Most people who know me, know that I adore quirky characters. If you have read An Abundance of Katherines, then you have concluded the obvious: I enjoyed this book, as it is filled to the brim with quirk. It is the type of quirk that you want hold close to you and giggle over its quirkiness. An Abundance of Katherines has that smart humor that makes you feel smarter for reading it, yet the pages are overrun with the stupid humor of boys, so that the story becomes a mixture of the two, like a mature look at the immaturity of young love.
Also, there are footnotes. Footnotes, especially the way John Green writes them, are fun.
There is a good amount of math in this book, which makes me want to recommend it to the guys I know who are into math, but it’s not necessary to be a mathlete to read and understand this book (I know I am certainly not). The math lends credibility to Colin’s prodigy status — probably because if it’s too much for my brain to process, then it must require someone smart to do it, right? Colin also anagrams, which thrilled my inner language nerd. Colin was a decent enough MC, but for me, Hassan — and their friendship — really stole the show.

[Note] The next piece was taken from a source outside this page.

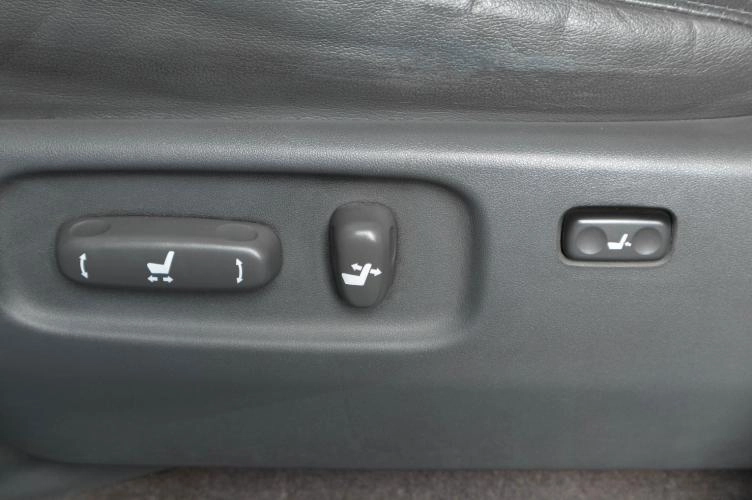 Toyota Land Cruiser 22 из 23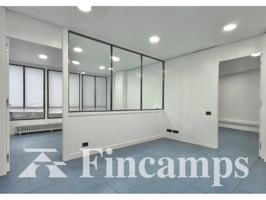 Oficina recién remodelada en alquiler photo 0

The interactions between Hassan and Colin had me quoting the book to my boyfriend (something I normally never do). As someone who has some experience with the Islamic culture, I thought that Hassan was a good representation of what it might be like to be caught between Islamic and American values. And, quite frankly, Hassan is disgustingly hilarious. I mean, he does refer to his penis as Thunderstick, after all. And though he doesn’t tip-toe around or coddle Colin, there is an obvious bond between the two. Hassan forces Colin to get out after the break-up with K-19, he keeps Colin aware of what is appropriate conversation material (not interesting!), and takes it upon himself to point out what is wrong with Colin’s life (though if it goes too far, the safe word is “Dingleberries”)
And if those two aren’t enough for you, An Abundance of Katherine is full of adventure, road-tripping, and finding yourself. If I had to say anything negative, it would be that the ending was somewhat predictable, but even that isn’t enough to dim the charm of this book. And I must admit that An Abundance of Katherines is not a book I would have picked out on my own. I’m not a contemporary reader, so this was a fun and new experience for me. John Green’s writing style carried me through this book, and the quirk of the characters was enough to keep me thoroughly entertained.
An Abundance of Katherines is a book that I would happily recommend — not just to teens, but to adults as well, especially those who like their books humorous.